In a letter sent to CEO Jeff Bezos last week, more than a dozen Amazon shareholders are reportedly pressuring the company to drop law-enforcement agencies as clients. The concerns stem specifically from Amazon’s Rekognition program, which offers powerful facial recognition to customers. Customers like, say, law-enforcement organizations in Florida and Oregon.
From CNN:
In one case, the Washington County [Oregon] sheriff’s office identified persons of interest, including a shoplifter caught on a hardware store’s cameras. The store camera’s image was automatically compared with thousands of photos of individuals processed while entering jail. This speeds up a process that used to rely on manual labor and the memory of police officers to identify people.
The case the shareholders are making is basically that Amazon’s stock price might dip if their technology is used to help commit civil-rights and human-rights violations. The shareholders are concerned that the software may be used “to unfairly and disproportionately target and surveil people of color, immigrants, and civil society organizations,” and that it might be used by “authoritarian regimes.”
“You just provide an image or video to the Rekognition API, and the service can identify the objects, people, text, scenes, and activities, as well as detect any inappropriate content,” the company says on the product page. “Amazon Rekognition also provides highly accurate facial analysis and facial recognition on images and video that you provide.”
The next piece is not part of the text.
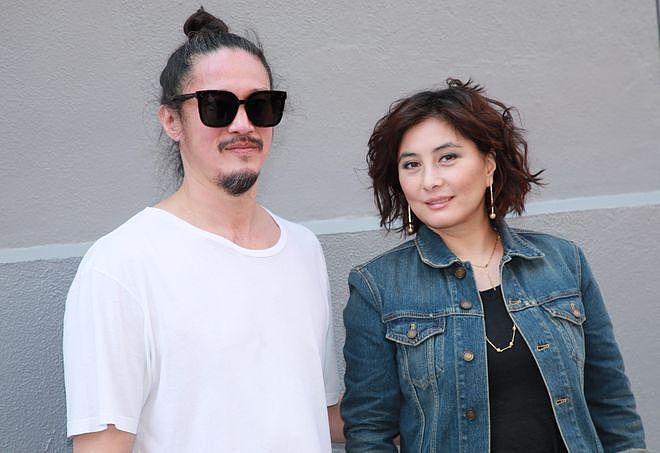 赌王女婿三度病重紧急出国做手术，何超仪停工陪伴，已花掉数千万（组图） - 7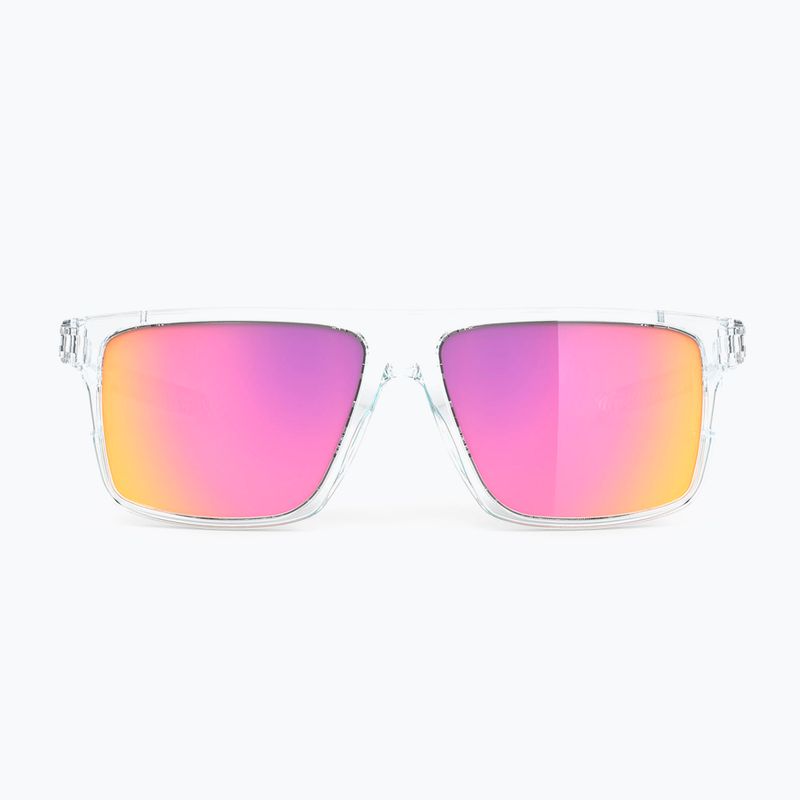 Слънчеви очила Rudy Project Stellar multilaser sunset/crystal glossy 2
Whether or not investor pressure will have any effect remains to be seen. In recent years, tech companies have had to work more aggressively to balance their mostly liberal outward appearance with acquiring and retaining lucrative government contracts. Google recently bowed to pressure over its work on a Department of Defense AI project, but that pressure came internally, from the employees who would have had to actually do the work, and not from investors pressuring the CEO.